A balance needs to be struck between exploration and exploitation. We want to try a variety of different actions, so that we have the opportunity to see which ones work and which ones do not, but we also want to exploit the profitable actions that we have already discovered. In order to achieve this balance we select the action with the highest mean return most of the time, but some proportion of the time we act randomly. This ensures that we will eventually explore all different actions, and be able to determine the best ones.
The frequency with which we should act randomly will vary according the the specifics of the game that we are playing, and experimentation is usually needed in order to determine the best value. As we continue to play the game, and our strategy becomes more reliable, we should gradually reduce the frequency with which random actions that are taken, with this value approaching zero as we converge on the optimal strategy.
The graph below shows the results of applying this Monte Carlo strategy to the game of blackjack, played with a single deck of cards. The vertical axis indicates what proportion of the money that we wagered was lost. The horizontal axis shows how many games were played. Since the rules of blackjack always favour the dealer, it is not possible to actually make a profit in this game without counting cards, however a good strategy can reduce the dealer's edge to around 0.5%, which is roughly the level attained by our Reinforcement Learning agent in this experiment:
This video shows how the agent's strategy changed over the course of 5 million games. The coloured boxes indicate the action favoured by the agent in each state.

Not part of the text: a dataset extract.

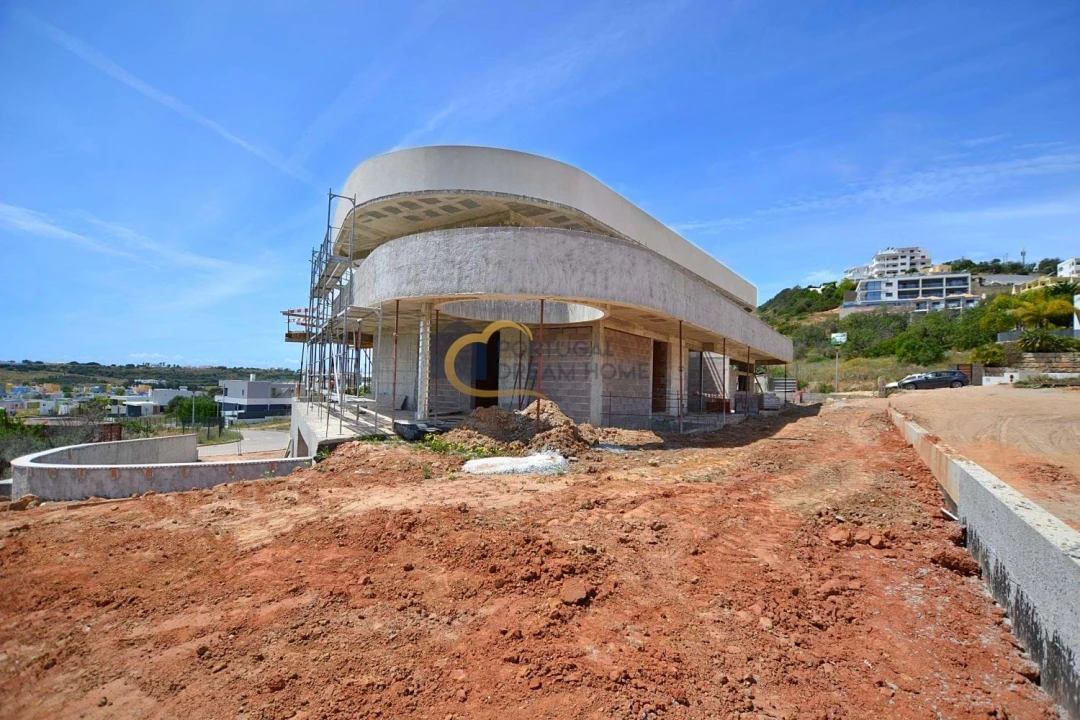 Moradia T4 para Venda em Albufeira e Olhos de Água Foto 7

- HIT - request another card from the dealer
- STK - do not request any more cards from the dealer
- DBL - double the current bet and draw one further card
- SUR - surrender, losing half the current bet and ending the game
We can see that the agent quickly learns to HIT when it has a low value hand, and to STICK when it's hand is high. Its strategy becomes fairly stable after about 500,000 games, however small adjustments continue to be made to a few of the states right up until the end of the training period.